I was not stalking my calling, but hunting up a poem, when I stumbled across my copy of "Living like Weasels" from Teaching a Stone to Talk by Annie Dillard. (I'm doing a brief reading at commencement in May, and was looking for my copy of this poem by astronomer Becky Elson, which I love, but is it too dark for commencement?)
If you haven't read it, it reads like a bloodthirsty take on Mary Oliver's poem The Summer Day. The one with the line about "your one wild and precious life." (And which I am definitely not reading at commencement.)

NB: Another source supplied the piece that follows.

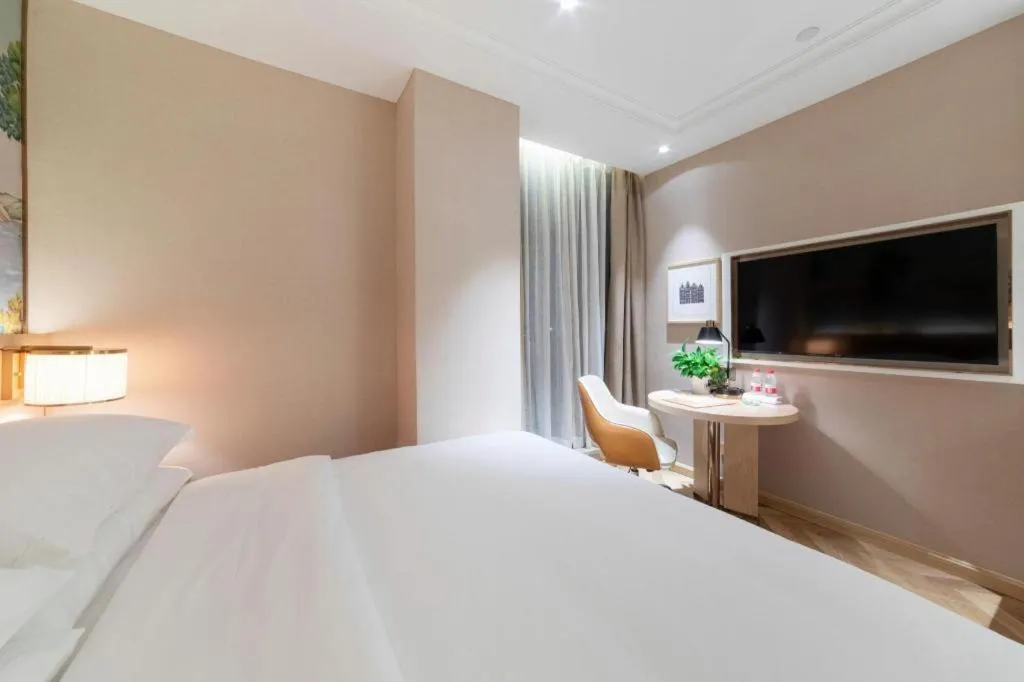 Bed in Vienna Hotel Chongqing West Station Square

The whole weasel essay is a joy, science and language and imagery all tangled together like the wild roses and poison ivy around Hollins Pond. Or snapped into a single whole like Dillard's mind and the weasel's.
She opens with the story of an eagle found with the dry skull of a weasel clamped onto its neck, driven by its predatory instincts to bite even as it became prey. To do as it must, to do as it was meant to do — bite — even in extremis.
Dillard closes the essay by mulling about vocation. "We can live any way we want. People take vows of poverty, chastity, and obedience — even of silence — by choice. The thing is to stalk your calling in a certain skilled and supple way, to locate the most tender and live spot and plug into that pulse...I think it would be well, and proper, and obedient, and pure, to grasp your one necessity and not let it go, to dangle from it limp wherever it takes you...Seize it and let it seize you up aloft..."
In these last few weeks of teaching I seem to be stalking my calling again, looking for the tender spot, for the pulse point, and the willingness to seize it, letting it grasp me as I grasp it. To do — to be — as I was meant to be.